Royal Dutch Shell (LON:RDSA) has kicked off production the Kaikias field in the Gulf of Mexico about one year ahead of schedule, the Anglo-Dutch oil major has said. The move came after the company trimmed the project’s costs by around 30 percent.
Shell’s share price has climbed into positive territory in today’s session, having added 0.71 percent to 2,625.50p as of 12:43 BST. The advance is largely in line with gains in the broader UK market, with the benchmark FTSE 100 index currently standing 0.69 percent higher at 7,731.02 points. The oil major’s shares have added just under a quarter to their value over the past year, as compared with about a 2.5-percent gain in the Footsie.
Early production at Kaikias field
Shell said in a statement yesterday that it had started production around a year earlier at the first phase of Kaikias, a subsea development in the Gulf of Mexico, with estimated peak output of 40,000 barrels of oil equivalent per day. The company explained that it had reduced costs by around 30 percent at the project since taking the investment decision early last year, lowering the forward-looking, break-even price to less than $30 per barrel of oil.

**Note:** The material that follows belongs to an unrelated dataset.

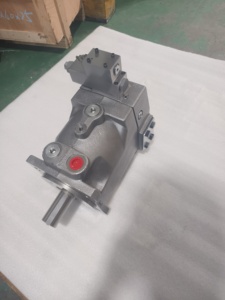 Pompe de machine de moulage par injection PV PV063 PV080, pompe à piston hydraulique PV080R1K1T1NSLC PV063R1K1T1NSLC PV - Product Image 6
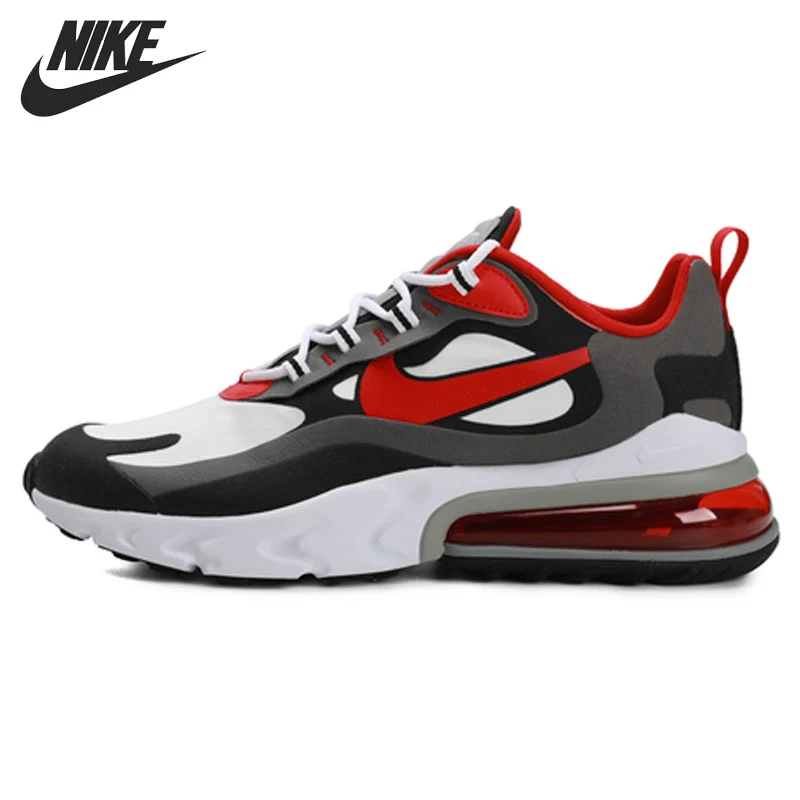 Мужские кроссовки NIKE AIR MAX 270 оригинальные для бега Новое поступление | Спорт и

“We believe Kaikias is the most competitive subsea development in the Gulf of Mexico,” Shell’s Upstream Director Andy Brown commented in the statement. The Anglo-Dutch oil major holds an 80-percent interest in the field, which is located in the prolific Mars-Ursa basin around 130 miles (210 kilometres) from the Louisiana coast, with Japan’s Mitsui holding the remaining 20 percent.
Analysts on Anglo-Dutch oil major
Goldman Sachs reaffirmed Shell as a ‘top pick’ this week, without specifying a price target on the shares. According to MarketBeat, the Anglo-Dutch group currently has a consensus ‘buy’ rating and an average price target of 2,697.64p.